A violência física implica o uso da força física de forma intencional, com o objetivo de ferir, danificar ou destruir a vítima, deixando ou não marcas evidentes.

A violência sexual caracteriza-se pelo uso de criança ou adolescente para gratificação sexual de adulto ou adolescente mais velho, responsável por ele ou com o qual mantém algum vínculo familiar, de convivência ou confiança.

A violência psicológica compreende toda forma de discriminação, desrespeito, rejeição, depreciação, cobrança ou punição exagerada e utilização da criança ou adolescente para atender às necessidades psíquicas dos adultos. Muitas vezes resulta do despreparo dos pais para educar seus filhos, valendo-se de ameaças, humilhações ou desrespeito como formas culturalmente aprendidas de educar.

A negligência caracteriza-se pela omissão, de forma crônica, em prover as necessidades básicas, como higiene, nutrição, saúde, educação, proteção e afeto, apresentando-se em vários aspectos e níveis de gravidade, sendo o abandono o grau máximo.

Exemplo de forma específica de violência é a síndrome de Munchausen, situação na qual o paciente é trazido para cuidados médicos, mas os sintomas e sinais que apresenta são inventados ou provocados, prática que impõe sofrimentos físicos e psíquicos, como exigência de exames desnecessários e internações por falso pretexto.

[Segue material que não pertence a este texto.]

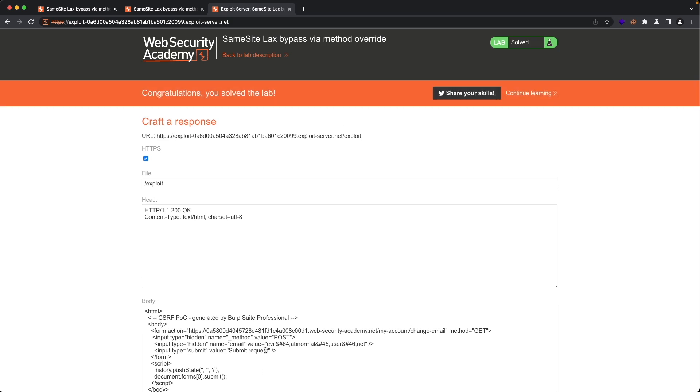And as you can see now, we've successfully solved the lab. Thank you for watching, and I hope this was helpful to you.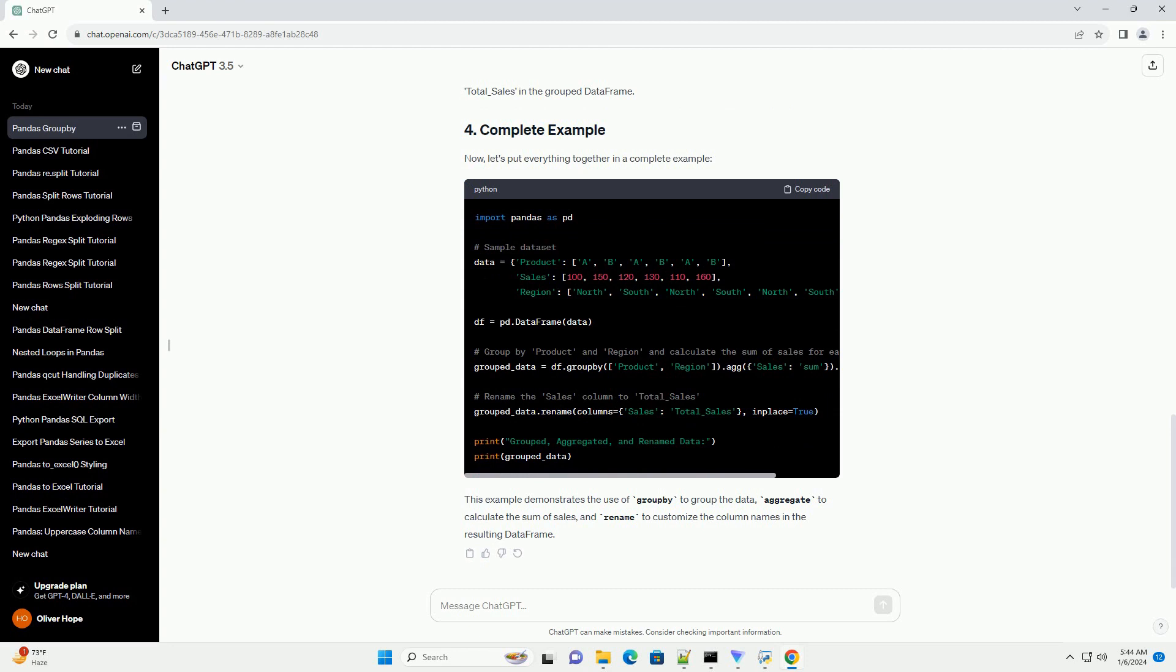Let's start with a simple example using a hypothetical data set of sales data. This code groups the data by both product and region columns and calculates the sum of sales for each group.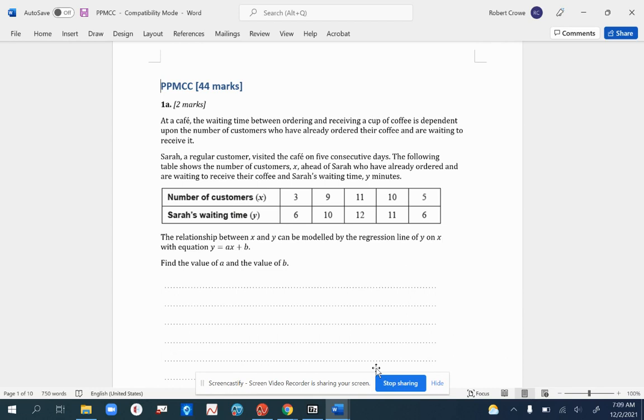The following table shows the number of customers X ahead of Sarah who have already ordered and are waiting to receive their coffee, and Sarah's waiting time Y in minutes. The relationship between X and Y can be modelled by the regression line of Y on X with the equation Y equals AX plus B. Find the values of A and B.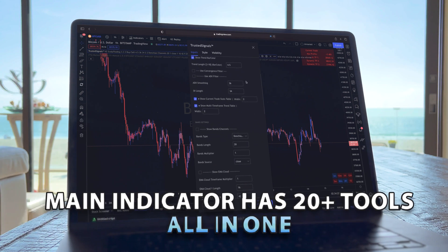And if this is all new to you, Trusted Signals gives you full tutorials on each one of its indicators, making it even easier to understand.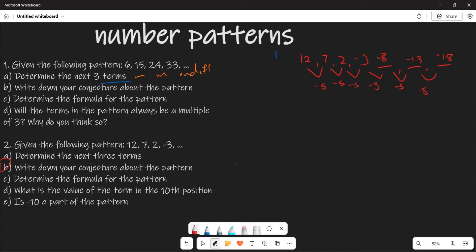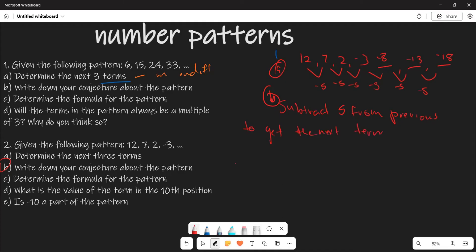Part B again is to write down the conjecture about the pattern. So basically we are saying: we subtract 5 from the previous term to get the next term.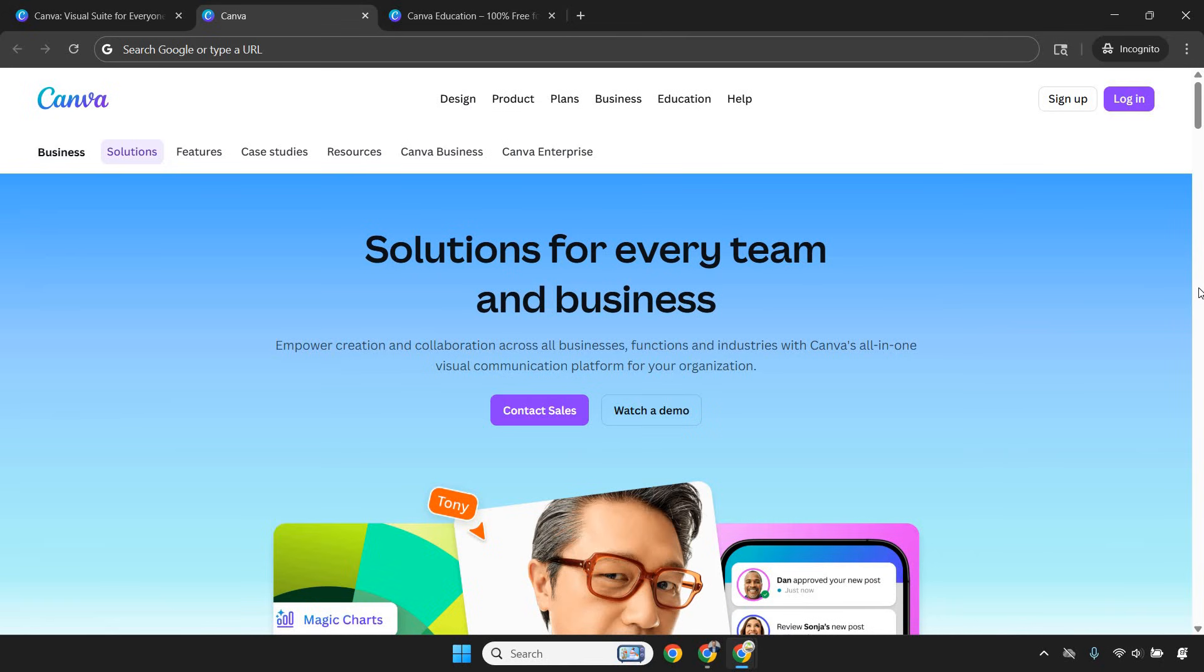Who is Canva perfect for? It's ideal if you're a content creator, a coach or consultant, an affiliate marketer, a YouTuber, a social media manager, or anyone building an online brand. Basically, if you sell anything online and need people to notice you first, Canva belongs in your stack.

Ações de promoção e proteção da saúde física e mental e de prevenção de agravos necessitam caminhar em paralelo às de atendimento já no pré-natal e no de rotina de puericultura (de 0 a 6 meses: mensal; de 6 a 12 meses: bimestral; de 12 a 18 meses: trimestral; de 1,5 a 5 anos: semestral e de 5 a 18 anos: anual).

Quando a violência já ocorreu é porque já houve falha no nosso dever constitucional (artigo 227 da Constituição Federal) de proteger integralmente nossas crianças e adolescentes. Nessa esteira, não podemos tolerar novas falhas.

Para que se consiga reduzir a incidência da violência doméstica contra crianças e adolescentes, deve-se começar fornecendo orientações aos pais, já no período da gestação, para ajudá-los a desenvolver uma percepção real de seus filhos. Discussões sobre vinculação entre pais e filhos, desenvolvimento neuropsicomotor normal, maneiras de ensinar e consequências da violência devem ser estimuladas entre os profissionais de saúde e a comunidade em geral.

A prevenção e o diagnóstico de risco são possíveis e devem estar presentes em todos os atendimentos. Identificar sinais de alerta é uma importante estratégia de prevenção.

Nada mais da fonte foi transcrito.